Would you transcribe the whole listing exactly, minus its pictures?

____________________

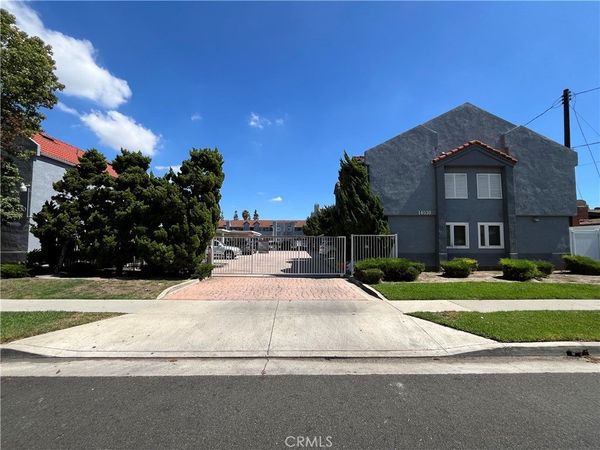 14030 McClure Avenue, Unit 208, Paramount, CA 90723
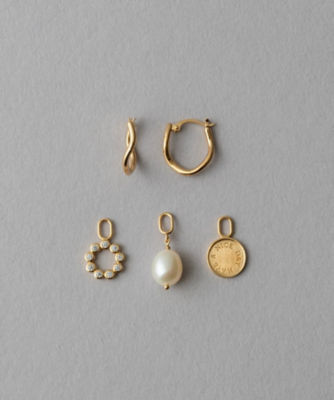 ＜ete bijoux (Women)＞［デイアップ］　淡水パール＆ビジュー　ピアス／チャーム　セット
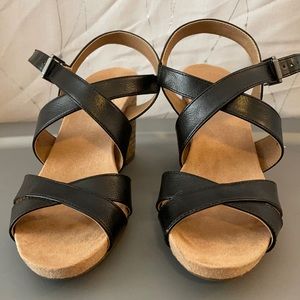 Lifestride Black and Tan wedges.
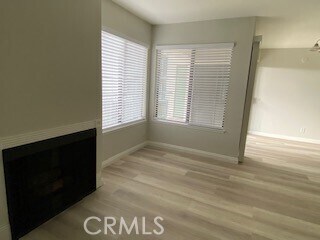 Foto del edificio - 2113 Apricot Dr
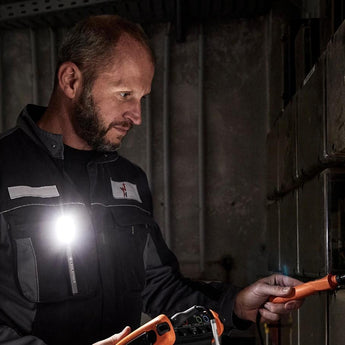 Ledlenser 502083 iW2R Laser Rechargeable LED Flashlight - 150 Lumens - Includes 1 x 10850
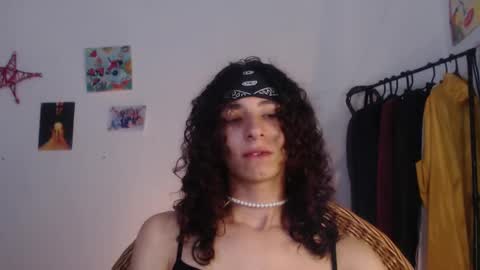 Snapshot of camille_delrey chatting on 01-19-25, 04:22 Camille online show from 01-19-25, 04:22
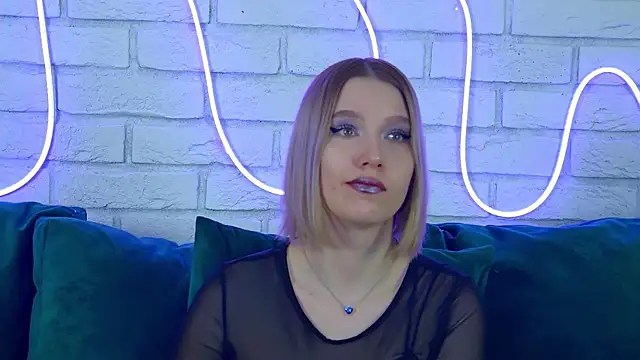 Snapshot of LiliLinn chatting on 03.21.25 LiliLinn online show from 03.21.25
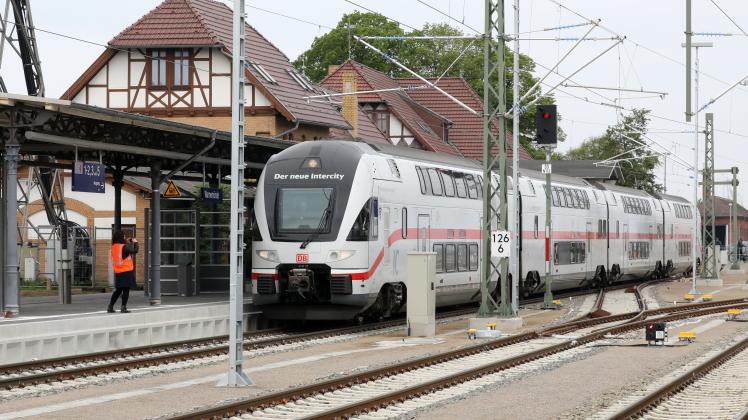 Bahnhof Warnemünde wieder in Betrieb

____________________

» Answer
 14030 McClure Avenue, Unit 208, Paramount, CA 90723
 ＜ete bijoux (Women)＞［デイアップ］　淡水パール＆ビジュー　ピアス／チャーム　セット
 Lifestride Black and Tan wedges.
 Foto del edificio - 2113 Apricot Dr
 Ledlenser 502083 iW2R Laser Rechargeable LED Flashlight - 150 Lumens - Includes 1 x 10850
 Snapshot of camille_delrey chatting on 01-19-25, 04:22 Camille online show from 01-19-25, 04:22
 Snapshot of LiliLinn chatting on 03.21.25 LiliLinn online show from 03.21.25
 Bahnhof Warnemünde wieder in Betrieb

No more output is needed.